DESCRIPTION OF THE TASK:
Copy the lines below exactly, starting at the one with "Used 2025 Nissan Sentra SV image 32" and ending at the one with "Carrefour a anunţat", and leave out any picture.

DATA RECORDS:
_ _ _ _ _ _ _
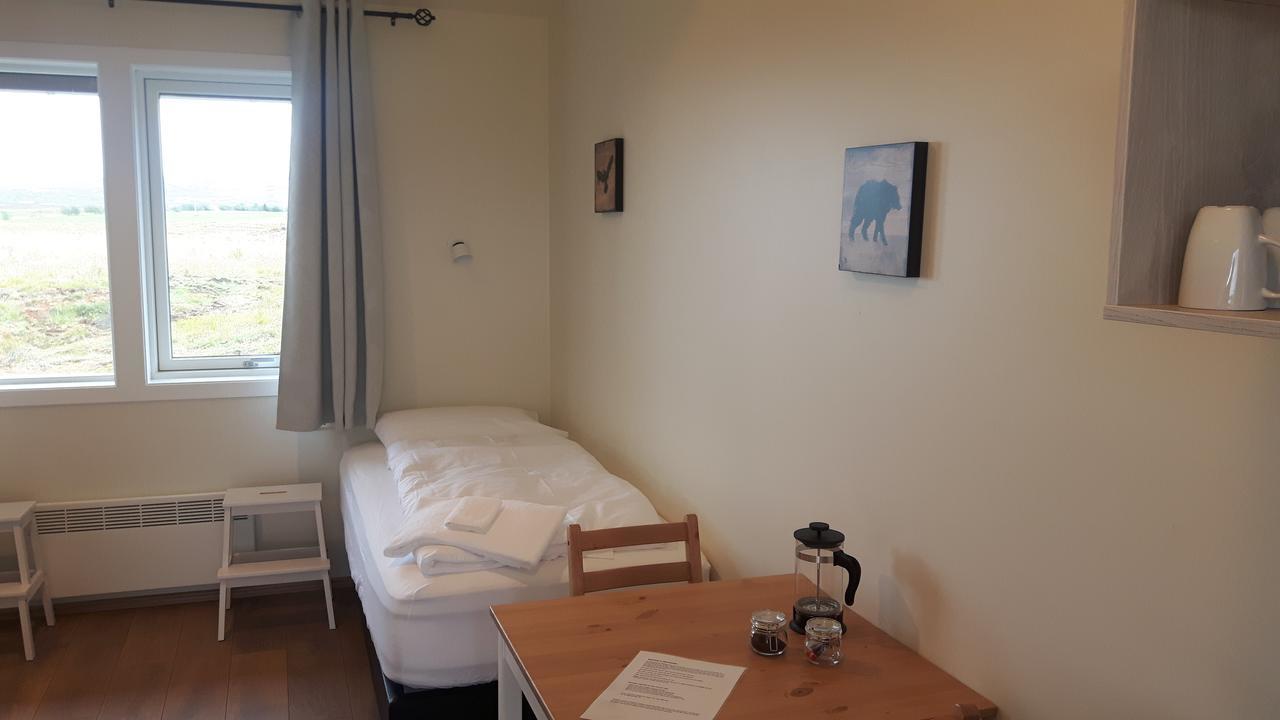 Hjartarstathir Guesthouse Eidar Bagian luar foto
_ _ _ _ _ _ _
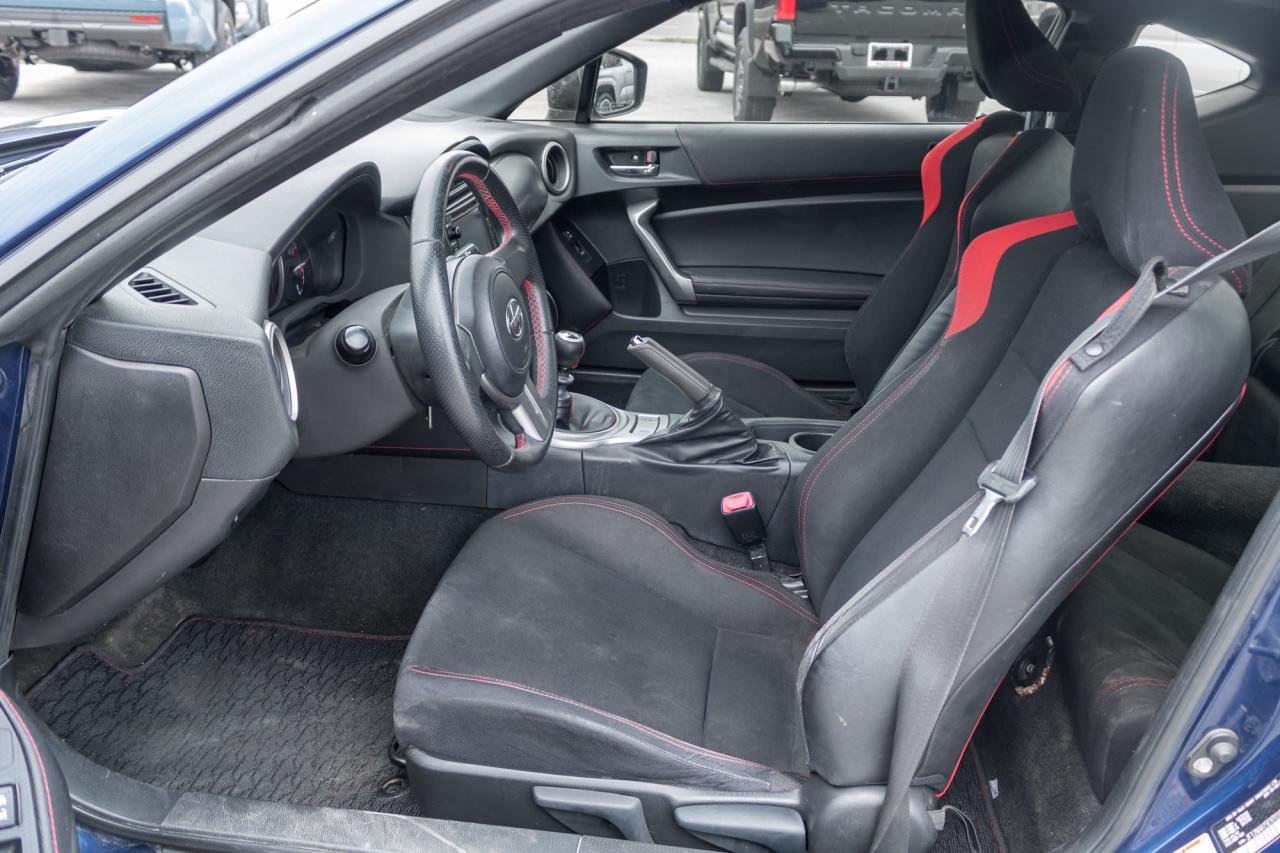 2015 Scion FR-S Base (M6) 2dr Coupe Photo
_ _ _ _ _ _ _
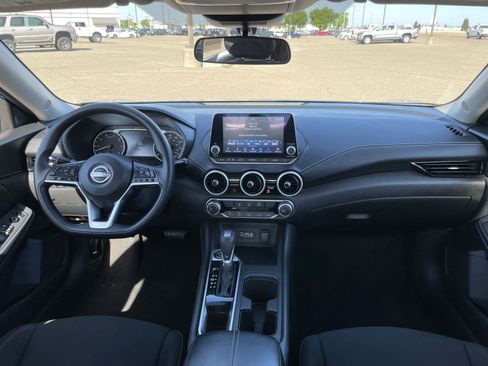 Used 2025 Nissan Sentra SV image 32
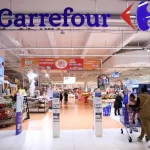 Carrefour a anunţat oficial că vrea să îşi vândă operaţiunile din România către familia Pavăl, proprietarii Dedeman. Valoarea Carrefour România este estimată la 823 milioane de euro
_ _ _ _ _ _ _
THE COMPLETED TASK:
 Used 2025 Nissan Sentra SV image 32
 Carrefour a anunţat oficial că vrea să îşi vândă operaţiunile din România către familia Pavăl, proprietarii Dedeman. Valoarea Carrefour România este estimată la 823 milioane de euro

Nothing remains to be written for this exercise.